More and more, people are parking their cars and opting for economically friendly ways to get around town. Bike riding provides low-impact cardiovascular exercise while reducing dependence on gas. It is not all good news, though. More bike riders on the road means more bicycle accidents. One organization is looking to educate drivers and riders about the dangers. LOOK hopes to reduce the number of Chicago bike accidents by making residents more aware of bicycle safety.
Bike vs. Car Door
One of the more common bike accidents is when bike riders collide with an open car door. The driver parks his vehicle. As the biker rides down the street, the car door suddenly opens and the bike rams it. This type of collusion not only has the potential to injure the biker but also can cause legal problems for the driver.
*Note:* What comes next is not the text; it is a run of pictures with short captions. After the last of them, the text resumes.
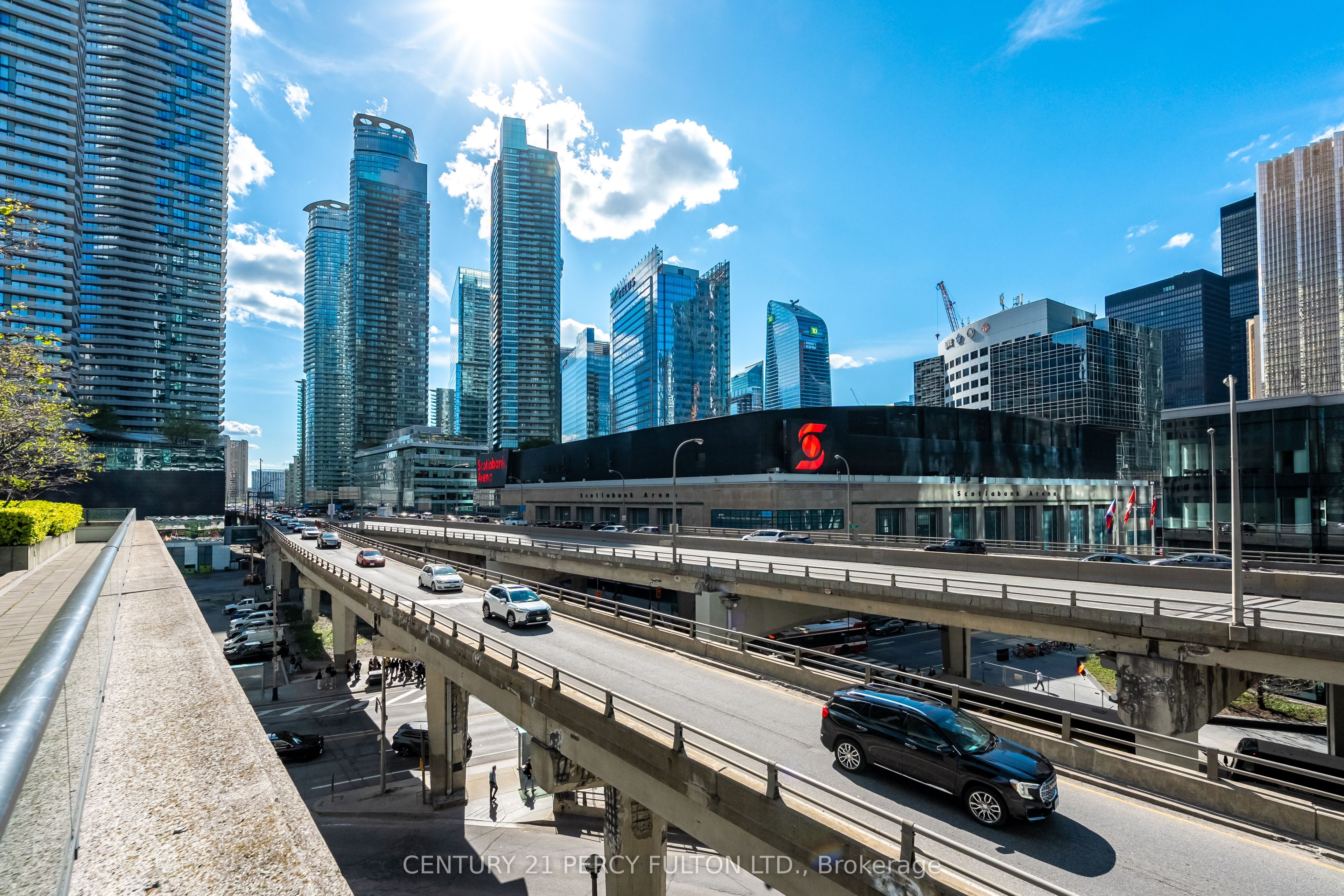 18 harbour Street 703, Toronto, ON M5J 2Z6 photo 3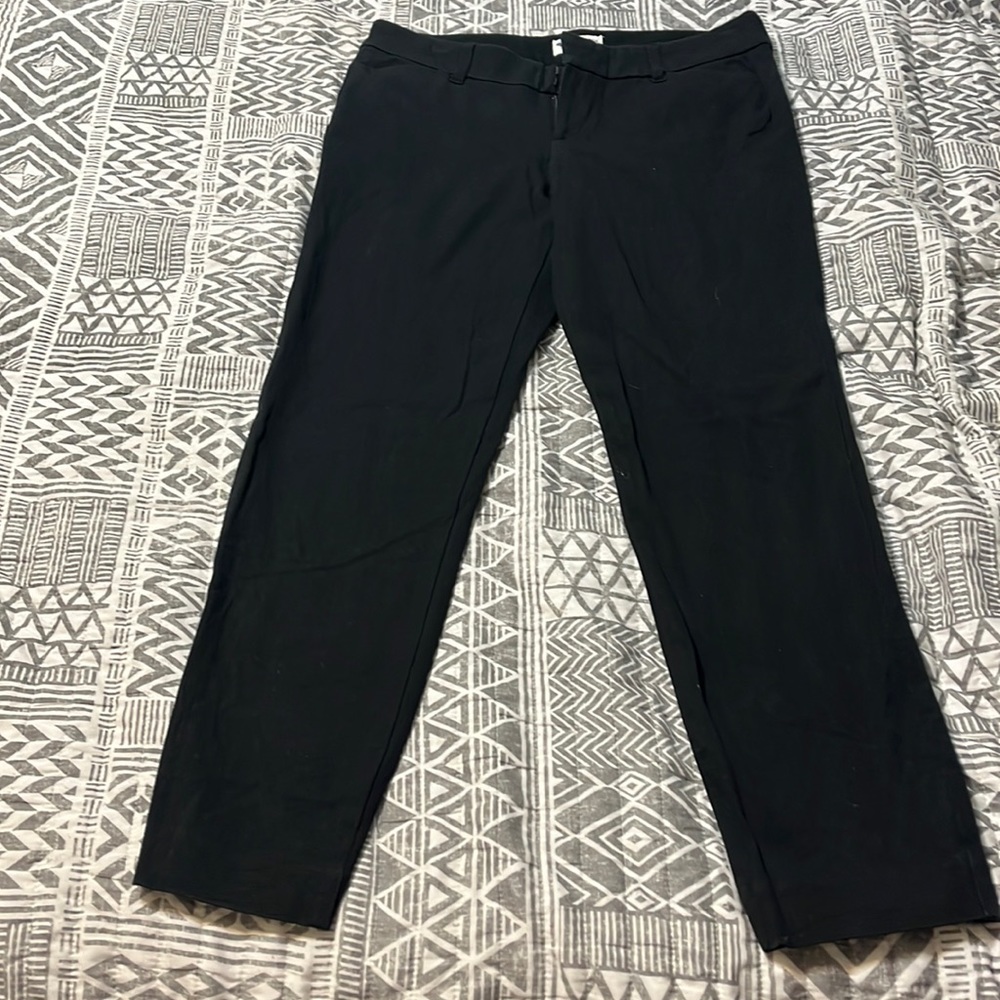 Old Navy cropped pants- Pixie Style size 2
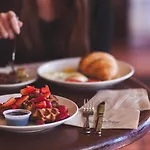 Kulturhotel Hessenland Innenstadt By Awesome מלון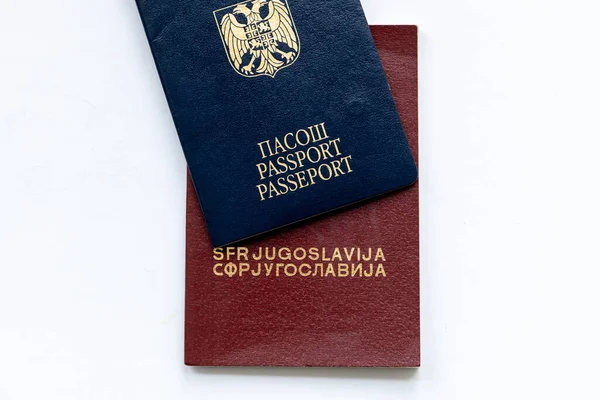 白で孤立した旧ユーゴスラビアのパスポートの上にセルビアのパスポート — ストック写真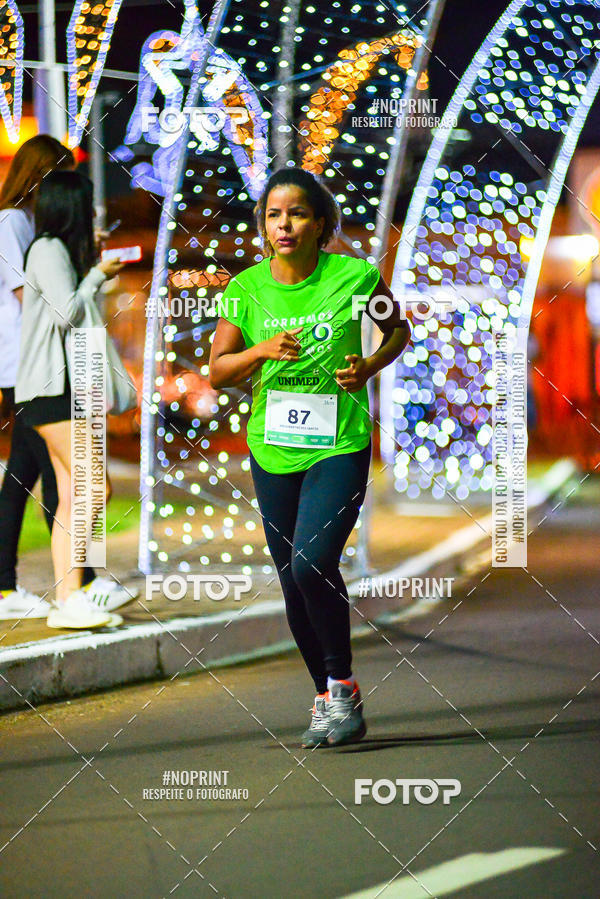 Buy your photos of the event5 Corrida Noturna Unimed Cascavel on Fotop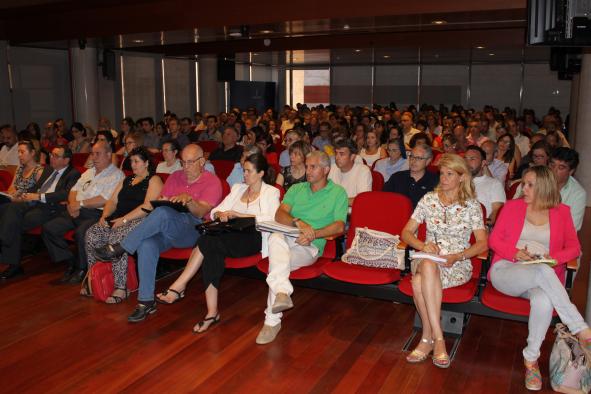 Unos 300 directores de residencias de mayores participan en la Jornada informativa para el Acuerdo Marco organizada por el Gobierno regional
One local woman was awarded 800,000 dollars when her bike hit a car door. Court records show she had a broken collarbone and nerve damage that affects the mobility of her arm. She lives with chronic pain in her elbow and decreased strength on that side.
The Illinois Department of Transportation Division of Traffic Safety reports 557 “doorings” throughout the city from 2009 to 2012. LOOK Chicago points out there were 13 incidents in Lincoln Square alone during that time. This is what prompted the organization to start a campaign to help prevent further issues.
The safety blitz had LOOK Chicago volunteers handing out flyers around town to promote awareness. This is on top of the safety measure already put in place by the city. The bike lanes in the Southport neighborhood, for example, are painted to let drivers know bikes might be coming down the street.
LOOK Chicago runs a website that offers safety tips for both bikers and drivers. Consider some ways door accidents are preventable.
- Use lights in the front and back of the bicycle
- Remain 3 feet away from parked cars
- Do not pass taxis on the right side
- Watch the road for brake lights and movement inside the vehicle
LOOK reminds bikers to check for traffic before swerving out of the way of an opening door. If on a busy road, brake and stop instead.
Drivers bear the legal responsibility to watch for bikes coming down the street. They are in a better position to prevent an accident than the bike rider.
Look at the bike lane before opening the door.
Get into the habit of pulling the handle with your far hand. For example, if getting out on the driver’s side, reach over with your right hand. This forces the body to turn and see an oncoming bike.
Dooring accidents are preventable in most circumstances. A driver who climbs out of the car without checking the road puts bikers at risk. With an increase in riders on the street, especially in larger areas, it is critical for organizations like LOOK to help spread the word and stop Chicago bike injuries.